The third canto is set in Hampton Court Palace, the centre of Queen Anne’s court. By 1712, the Act of Settlement was ready to establish the Hanoverian succession upon the death of the Queen. By 1714, she was very ill, and although there was considerable sympathy for the Catholic James II, restoring the heir (hair) was not a viable option. It has been suggested that the struggle between Belinda and the Baron dramatises the conflict between Anne and her desire for peace and the war with the Whig Party. Belinda challenges the two men to a game of cards. Pope turns the game into a battle, with the cards taking on warrior forms and the players being the generals directing the game. After Belinda's victory, they drink coffee, and the baron plots how to obtain a lock of her hair. Clarissa gives the baron a pair of scissors; this shows her compliance with the patriarchy and her separation from and disdain for the fashionable world. The baron has several attempts before he successfully obtains the lock. When he succeeds, he displays his prize as Belinda screams.

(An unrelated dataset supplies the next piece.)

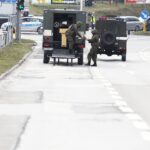 30.03.2021 Kielce. Saperzy zabezpieczają niewybuchy znalezione podczas robót ziemnych przy skrzyżowaniu ulic Seminaryjskiej i Jana Pawła II / Jarosław Kubalski / Radio Kielce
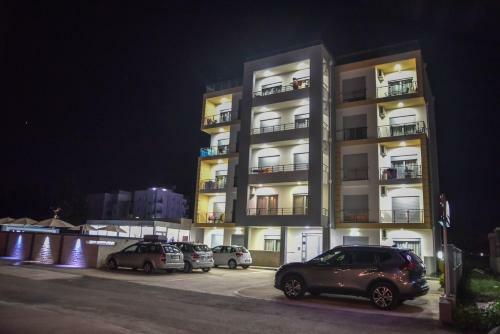 Aria Apartments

Umbriel comes from the Cave of Spleen to reinforce Belinda’s indignation. The goddess gives him gifts of sighs, sobs, and the war of tongues to plague Belinda with. Black bile was one of the four humours believed to influence the body. It was thought to be produced in the spleen and cause melancholy or depression. Belinda is in the company of Thelestris, Queen of the Amazons, who is pointing out how much care she took in her appearance and how her reputation is ruined, and it will bring shame to being her friend. When Belinda asks Sir Plume to retrieve the lock, he tells the baron he must be civil, and it has gone past a joke. Thelestris and Sir Plume represent the petit bourgeois, who are anxious to maintain fashionable status and public honour. The choice of the middle-class reader is between bourgeois sensibility and the regressive airs associated with the aristocracy.

In Canto five they all confront Clarissa, who gives a pious speech about how the trivial loss of hair would not cure smallpox or old age. She hopes they can cultivate good character rather than appearance, elevating merit over other charms. Here, women are permitted to speak when they do not draw unseemly attention to themselves. Such advice is met with rage and anger. The Baron and Belind fight, and she pulls out a bodkin, threatening to stab him. She demands the return of the hair, but it is nowhere to be found. The suggestion is that it has ascended to heaven, where it resides in the constellations.

Belinda’s fate occurs because she parades her beauty and power for her own sake rather than patriarchal benefit. If a woman submits herself to the scrutiny of the fashionable elite, then she will be judged by them. At the end of the poem, the lock hangs in heaven on permanent display, the worst possible end for a nice girl.